Subdivision of a journal means that instead of recording all business transactions in a single General Journal, the journal is divided into several specialized books. These are known as subsidiary books or special journals. Each special journal is designed to record a specific type of frequent transaction, such as all credit sales or all cash payments, making the process more efficient.
2. What are the main types of special journals used in a business?
The most common types of special journals, also called subsidiary books, include:
- Cash Book: For all transactions involving cash and bank.
- Purchases Book: To record all credit purchases of goods meant for resale.
- Sales Book: To record all credit sales of goods.
- Purchases Return Book: For goods returned to suppliers.
- Sales Return Book: For goods returned by customers.
- Journal Proper: For transactions that do not fit into any other special journal.
3. What is the main difference between a journal and a ledger?
The main difference lies in their function. A journal is the book of first entry where transactions are recorded chronologically as they happen. It shows the complete detail of each transaction. A ledger, on the other hand, is the principal book where transactions are posted from the journal into their respective accounts to find the final balance of each account.
4. Why is it necessary for a business to subdivide its journal?
Subdividing the journal is crucial for efficiency, especially as a business grows. Using only one General Journal would be very slow and prone to errors. By creating special journals, work can be divided among several people, specific information (like total credit sales) can be found quickly, and it allows for better internal control and makes auditing easier.

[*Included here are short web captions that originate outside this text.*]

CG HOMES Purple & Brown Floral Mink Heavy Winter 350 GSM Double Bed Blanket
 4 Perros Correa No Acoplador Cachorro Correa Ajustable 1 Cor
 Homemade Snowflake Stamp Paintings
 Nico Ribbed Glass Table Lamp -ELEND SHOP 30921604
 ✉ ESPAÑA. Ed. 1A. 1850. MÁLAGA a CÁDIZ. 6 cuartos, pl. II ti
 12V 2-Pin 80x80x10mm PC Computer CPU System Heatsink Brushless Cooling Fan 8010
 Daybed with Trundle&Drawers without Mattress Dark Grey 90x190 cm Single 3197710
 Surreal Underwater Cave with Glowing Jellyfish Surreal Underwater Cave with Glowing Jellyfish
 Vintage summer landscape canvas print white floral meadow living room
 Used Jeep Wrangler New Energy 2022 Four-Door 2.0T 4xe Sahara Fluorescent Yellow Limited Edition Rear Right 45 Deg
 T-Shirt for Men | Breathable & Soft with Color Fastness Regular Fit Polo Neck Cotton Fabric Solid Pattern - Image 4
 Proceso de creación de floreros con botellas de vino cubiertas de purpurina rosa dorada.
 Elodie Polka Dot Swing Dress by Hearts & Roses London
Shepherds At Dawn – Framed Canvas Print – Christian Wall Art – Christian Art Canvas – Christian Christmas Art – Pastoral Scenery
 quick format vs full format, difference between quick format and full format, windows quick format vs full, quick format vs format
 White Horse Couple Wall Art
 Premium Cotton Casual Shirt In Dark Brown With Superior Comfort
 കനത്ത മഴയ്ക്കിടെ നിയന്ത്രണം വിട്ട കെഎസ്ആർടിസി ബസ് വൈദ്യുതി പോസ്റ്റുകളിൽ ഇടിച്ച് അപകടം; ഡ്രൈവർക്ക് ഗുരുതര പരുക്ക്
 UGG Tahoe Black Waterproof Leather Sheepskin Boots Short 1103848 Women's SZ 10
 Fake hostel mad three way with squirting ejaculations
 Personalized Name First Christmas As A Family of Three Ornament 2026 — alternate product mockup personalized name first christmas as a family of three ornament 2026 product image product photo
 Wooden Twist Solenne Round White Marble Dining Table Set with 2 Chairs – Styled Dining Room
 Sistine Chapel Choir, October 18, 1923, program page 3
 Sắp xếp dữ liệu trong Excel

5. How does using a Cash Book simplify the accounting process?
A Cash Book simplifies accounting significantly because it serves a dual role. It acts as both a journal (for recording cash transactions) and a ledger (as the cash and bank accounts). This means a separate cash account or bank account is not required in the general ledger, which reduces posting work and saves a lot of time.
6. Can you give a real-world example of how a Purchases Book is used?
Imagine a supermarket that buys groceries like flour, sugar, and oil from its suppliers on credit. Instead of creating a separate journal entry for every credit purchase, the accountant records all these transactions in the Purchases Book. At the end of the month, they can get the total credit purchases with a single calculation, which is much faster and more organised.
7. What is the Journal Proper, and what kind of entries are recorded in it?
The Journal Proper is a general journal used to record transactions that cannot be entered in any other subsidiary book. It is used for less frequent or irregular transactions. Common examples include:
- Opening entries: To record opening balances of assets and liabilities.
- Closing entries: To close nominal accounts at the end of the year.
- Adjustment entries: For items like depreciation or outstanding expenses.
- Rectification of errors: To correct mistakes made in recording.
- Credit purchase or sale of assets: When a fixed asset like furniture is bought on credit.